» EXERCISE DETAILS
Each line of the entries that mentions the string "Manual" needs to be reported.

» Dataset excerpts
__________
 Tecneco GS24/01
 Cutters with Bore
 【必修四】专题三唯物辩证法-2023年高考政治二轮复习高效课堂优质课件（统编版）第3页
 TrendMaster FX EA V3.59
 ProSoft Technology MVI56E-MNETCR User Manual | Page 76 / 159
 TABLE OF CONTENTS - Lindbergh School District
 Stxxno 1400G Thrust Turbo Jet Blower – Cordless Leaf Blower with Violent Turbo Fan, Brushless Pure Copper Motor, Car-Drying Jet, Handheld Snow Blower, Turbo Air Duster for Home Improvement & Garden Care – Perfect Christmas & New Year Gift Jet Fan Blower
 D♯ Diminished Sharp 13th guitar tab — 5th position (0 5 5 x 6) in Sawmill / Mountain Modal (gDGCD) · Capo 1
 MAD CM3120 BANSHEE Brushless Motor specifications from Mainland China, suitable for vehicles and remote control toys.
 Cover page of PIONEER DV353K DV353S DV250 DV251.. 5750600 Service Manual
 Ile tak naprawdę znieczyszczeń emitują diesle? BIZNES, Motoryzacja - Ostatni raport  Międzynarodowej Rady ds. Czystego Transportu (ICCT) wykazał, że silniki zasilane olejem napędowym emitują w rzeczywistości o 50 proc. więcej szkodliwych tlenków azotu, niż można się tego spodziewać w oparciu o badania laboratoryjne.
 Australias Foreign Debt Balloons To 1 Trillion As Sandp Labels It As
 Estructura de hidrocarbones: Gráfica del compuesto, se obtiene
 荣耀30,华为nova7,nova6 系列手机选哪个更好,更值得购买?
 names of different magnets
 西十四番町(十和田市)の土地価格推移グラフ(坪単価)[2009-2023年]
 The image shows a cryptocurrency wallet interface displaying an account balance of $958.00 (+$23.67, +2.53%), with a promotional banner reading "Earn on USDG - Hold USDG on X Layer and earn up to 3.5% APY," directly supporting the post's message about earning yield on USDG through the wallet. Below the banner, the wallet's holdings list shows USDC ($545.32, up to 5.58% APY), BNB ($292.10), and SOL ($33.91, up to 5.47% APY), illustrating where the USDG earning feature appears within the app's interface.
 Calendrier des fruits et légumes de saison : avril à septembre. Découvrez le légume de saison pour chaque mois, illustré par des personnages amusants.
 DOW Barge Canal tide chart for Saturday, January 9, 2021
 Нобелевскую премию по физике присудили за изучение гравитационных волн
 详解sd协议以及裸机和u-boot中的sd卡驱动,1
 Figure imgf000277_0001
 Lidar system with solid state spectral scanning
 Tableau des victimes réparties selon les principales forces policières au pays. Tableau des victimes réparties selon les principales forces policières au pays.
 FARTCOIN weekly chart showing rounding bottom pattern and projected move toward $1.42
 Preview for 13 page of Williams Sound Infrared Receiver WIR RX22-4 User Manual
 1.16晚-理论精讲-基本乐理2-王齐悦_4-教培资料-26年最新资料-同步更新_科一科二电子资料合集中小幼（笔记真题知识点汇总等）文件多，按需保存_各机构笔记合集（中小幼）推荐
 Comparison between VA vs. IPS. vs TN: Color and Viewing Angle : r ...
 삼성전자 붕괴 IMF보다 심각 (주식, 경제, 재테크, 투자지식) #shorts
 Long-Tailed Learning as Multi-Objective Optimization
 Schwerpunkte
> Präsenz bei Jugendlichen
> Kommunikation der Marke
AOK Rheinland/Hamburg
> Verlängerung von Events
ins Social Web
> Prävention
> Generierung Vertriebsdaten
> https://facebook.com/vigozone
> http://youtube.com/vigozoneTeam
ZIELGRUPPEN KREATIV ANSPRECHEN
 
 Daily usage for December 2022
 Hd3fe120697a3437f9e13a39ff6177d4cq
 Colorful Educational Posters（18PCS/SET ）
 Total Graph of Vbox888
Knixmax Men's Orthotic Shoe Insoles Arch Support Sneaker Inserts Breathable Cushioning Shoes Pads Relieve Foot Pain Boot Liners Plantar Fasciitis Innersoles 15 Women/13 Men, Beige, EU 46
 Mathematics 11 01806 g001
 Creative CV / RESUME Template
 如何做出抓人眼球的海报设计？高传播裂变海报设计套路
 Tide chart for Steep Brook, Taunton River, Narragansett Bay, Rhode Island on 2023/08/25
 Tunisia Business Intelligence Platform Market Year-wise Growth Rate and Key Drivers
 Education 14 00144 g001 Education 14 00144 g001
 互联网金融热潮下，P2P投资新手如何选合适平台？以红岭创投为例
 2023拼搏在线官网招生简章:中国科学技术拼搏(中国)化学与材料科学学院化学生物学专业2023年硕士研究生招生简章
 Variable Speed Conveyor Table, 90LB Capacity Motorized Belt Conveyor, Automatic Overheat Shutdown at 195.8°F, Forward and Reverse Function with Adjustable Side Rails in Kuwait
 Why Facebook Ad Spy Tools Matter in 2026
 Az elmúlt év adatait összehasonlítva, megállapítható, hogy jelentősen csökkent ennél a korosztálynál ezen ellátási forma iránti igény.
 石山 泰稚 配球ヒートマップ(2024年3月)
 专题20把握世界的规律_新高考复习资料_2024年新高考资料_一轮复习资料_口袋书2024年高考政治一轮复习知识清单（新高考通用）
__________
» ANSWER TO THE PROBLEM
 ProSoft Technology MVI56E-MNETCR User Manual | Page 76 / 159
 Cover page of PIONEER DV353K DV353S DV250 DV251.. 5750600 Service Manual
 Preview for 13 page of Williams Sound Infrared Receiver WIR RX22-4 User Manual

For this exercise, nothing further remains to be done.